The second thief wants the number of coins to be divisible by \(5\) because she wants to split her share with her four siblings.
The third thief wants the number of coins to be divisible by \(7\) since he wants to split his share amongst seven company stocks.
However, they’re stuck as the number of coins isn’t divisible by any of these numbers. In fact, the number of coins is \(1\) more than a multiple of \(3\), \(3\) more than a multiple of \(5\) and \(5\) more than a multiple of \(7\).
What’s the smallest number of coins they could have? (And if you’re feeling generous, how would you help them out?)
Munira wants to put \(6\) books on her shelf, \(4\) of which are red and \(2\) of which are blue. The four red ones are a small paperback, a small hardback, a large paperback and a large hardback. The two blue ones are both paperback, one small and one large.

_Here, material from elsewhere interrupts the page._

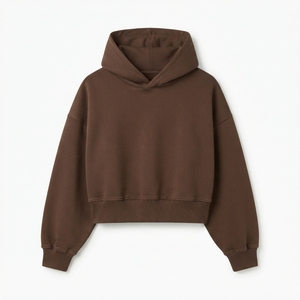 Sudaderas con Capucha Cortas de Algodón French Terry de Alto Gramaje, Lisas, de Corte Holgado y Cuadrado, Personalizadas al por Mayor, Fabricante OEM - Product Image 1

She doesn’t want the two blue ones next to each other. In how many ways can she do this?
Imagine a cube that’s turquoise on the front, pink on top, yellow on the right, white on left, dark blue on back and orange on the bottom. If Arne rotates this \(180^{\circ}\) about the line through the middles of the turquoise and dark blue sides, then does it again, he gets back to the original cube. If Arne rotates this \(90^{\circ}\) about that same line, then does that three more times, then he also gets back to the original cube.
Is there a rotation he could do, and then do twice more, to get back to the original cube?
Arne has a cube which is pink on top and orange on bottom, yellow on right and white on left, turquoise on front and dark blue at the back. He rotates this once so that it looks different. Could he perform the same rotation four more times and get back to the original colouring?